As Yirmeyahu exclaimed, “Thus says Hashem, ‘Cursed be the man who trusts in man and attributes his success to flesh,’ by plowing and harvesting in sh’mitta, ‘ and whose heart departs from Hashem’- Who promised to bestow His blessing upon the produce of the sixth year so that it should suffice for the coming years” (Rashi, Yirmeyahu 17:5).
From this it is clear to see how observing Sh’mitta, not only humbles us to recognize Hashem’s Divine assistance in our lives each and everyday, but more so that during the seventh year, the farmer is forced to turn to Hashem and trust that He will provide him with all that he needs for that entire year and on. Moreover, the Sh’mitta law is one of the hardest Torah commands to fulfill. The farmer must sit and watch his land waste away for an entire year! Nevertheless, he follows this command with joy and that is what a true kiddish Hashem is!
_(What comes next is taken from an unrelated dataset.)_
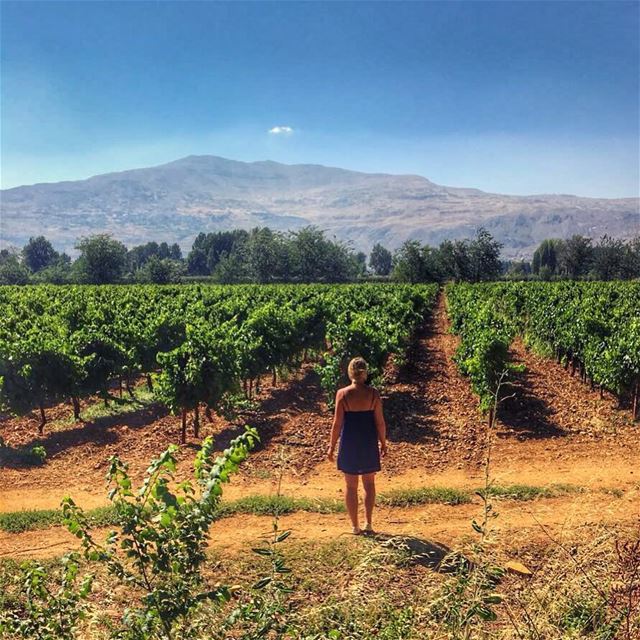 So much of our happiness depends on how we choose to look at the world ...... (Deïr Taanâyel, Béqaa, Lebanon)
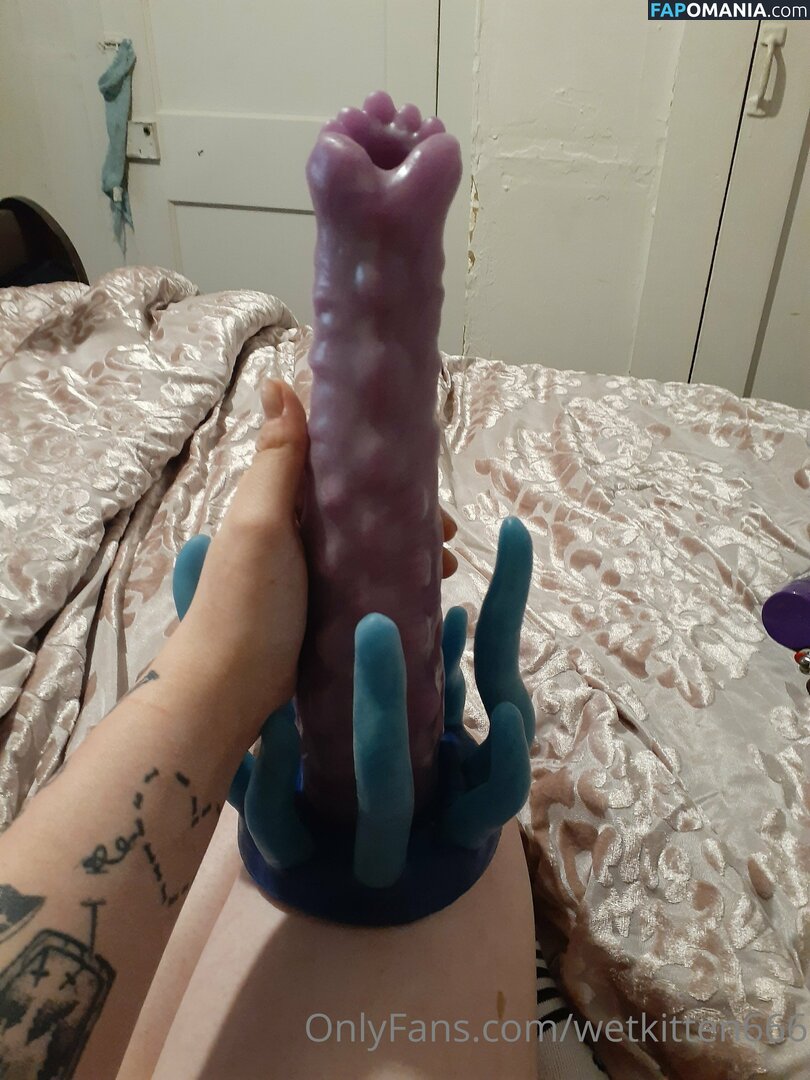 kitty.valentine.92372 / wetkitten666 Nude OnlyFans  Leaked Photo #13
As Jews, we must all recognize that we are not self-reliant. Just because one sows that land does not mean that it will grow, but rather, it is up to Hashem’s will to enable things to grow or not. (Hashem is in control of the fertility of the earth, regarding snow, rain, climate, etc. Hashem can bring insects, wild beasts, etc. to destroy one’s harvest). Moreover, this is a lesson for us all. Although many of us work equally as hard, our efforts may not be as equally successful. Why you may ask? Unfortunately, our finite brains cannot understand the ways of Hashem, but rather we must come to understand that Hashem is in charge of everything, not us. We cannot assume that our efforts will definitely produce our livelihood, but rather, we must place our trust in Hashem, that He is the one who determines if our efforts will yield successful results.